How can government govern without a prime minister?

I had been puzzling about why for most of the past 12 days, until last night, the PM and his advisers had been insisting - in tweets, short videos and statements - that he was still running the show, in spite of the evidence that he was seriously and worryingly under the weather.

The answer, which is conspicuous this morning, is that although Dominic Raab has been asked by the PM to deputise for him when chairing important committees, including Cabinet, he is not "in charge", in the way that a PM appointed by HM the Queen (and a Tory leader elected by Tory MPs and party members) would always be.

It is not his fault, but he has no proper mandate.

This absence of a conventional leader of the nation is complicated and concerning for two reasons.

First, and to state the spectacularly obvious, we face the greatest peacetime crisis of our age.

Momentous life and death decisions need to be taken - for how lives are saved, for how our prosperity is protected - and that's proportionately harder in the absence of someone unambiguously in charge, which Johnson was and Raab can never be (for structural, constitutional reasons).

It's all very well for ministers to say they are being led by the science and the scientists.

But science and scientists simply provide the information on which choices have to be made.

The buck stops with the PM and his Cabinet.

Second, and this also should not be ignored, the absence of a prime minister - even for a short while - is especially troubling when Parliament is not sitting.

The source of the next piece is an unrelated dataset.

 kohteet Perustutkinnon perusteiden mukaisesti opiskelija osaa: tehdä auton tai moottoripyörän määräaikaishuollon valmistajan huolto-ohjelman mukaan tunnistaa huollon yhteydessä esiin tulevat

To have a prime minister uniquely incapacitated, but the Government not able to be held to account by a parliament where true sovereignty resides under the British system, will be troubling for many.

All of which carries a series of important consequences.

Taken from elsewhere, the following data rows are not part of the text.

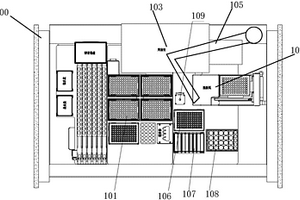 全自動化學(xué)發(fā)光免疫分析儀器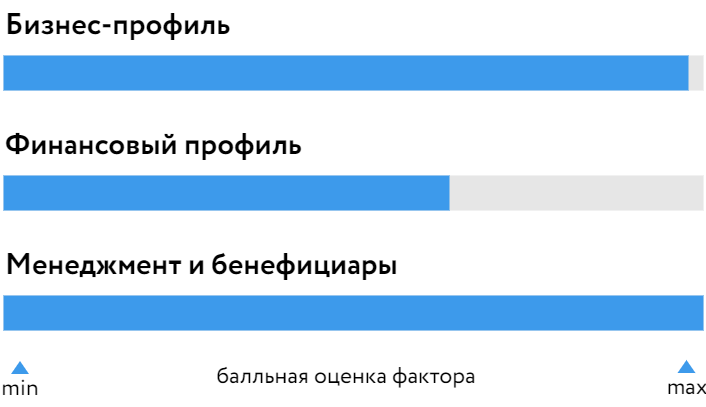 МТС_БОСК_190126.png МТС_БОСК_190126.png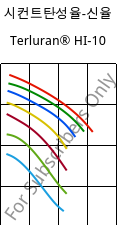 시컨트탄성율-신율 , Terluran® HI-10, ABS, INEOS Styrolution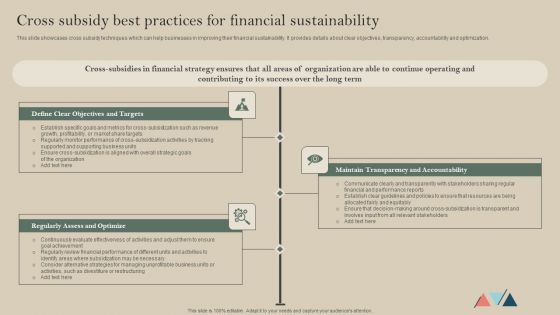 Cross Subsidy Best Practices For Financial Sustainability Elements PDF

One, as a senior member of the government told me, is that ministers will have to break the habits of a lifetime and put aside their vanity and personal rivalries.

They need to show a spirit of collective endeavour.

But with the best will in the world, even if the Michael Gove is proved right in saying on the Today Programme that "decisions will be taken collectively and following appropriate advice", they can't - for a while at least - be taken expeditiously, given that the Downing Street and Cabinet Office machines that serve the prime minister have very little working relationship with Raab and are (anyway) seriously depleted by illness.

All of which is to say that running the country is going to be nerve-wrackingly difficult for Boris Johnson's government, in his absence.

And apart from Gove's collective Cabinet endeavour, the Government will also have to demonstrate unprecedented levels of openness and transparency about how and why decisions are being made, both with the opposition parties and with all of us.

To get through this, the whole country has to pull together, especially at a time when our precious freedoms are so constrained.

And in the absence of a prime minister, we'll only maintain that united front if our understanding of what the Government is doing and why is considerably deeper and richer than normal.